Reproduce, from the lines below, exactly the stretch that begins at the line containing "Измерительная схема компенсационного" and ends at the line containing "360ddos防护访问出现502，他说要求添加域名段", both included.

[Supplied material]
----------
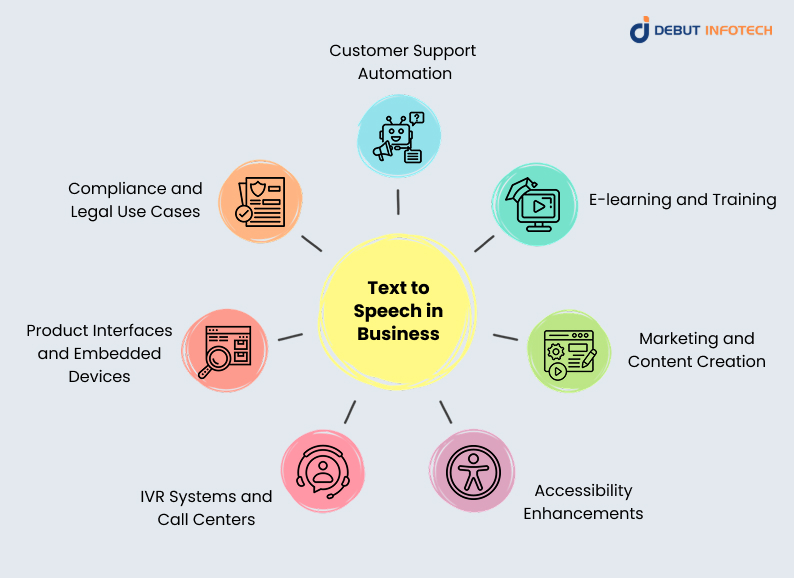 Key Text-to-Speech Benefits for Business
----------
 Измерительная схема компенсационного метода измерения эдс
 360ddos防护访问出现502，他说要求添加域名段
----------
[Problem solution]
 Измерительная схема компенсационного метода измерения эдс
 360ddos防护访问出现502，他说要求添加域名段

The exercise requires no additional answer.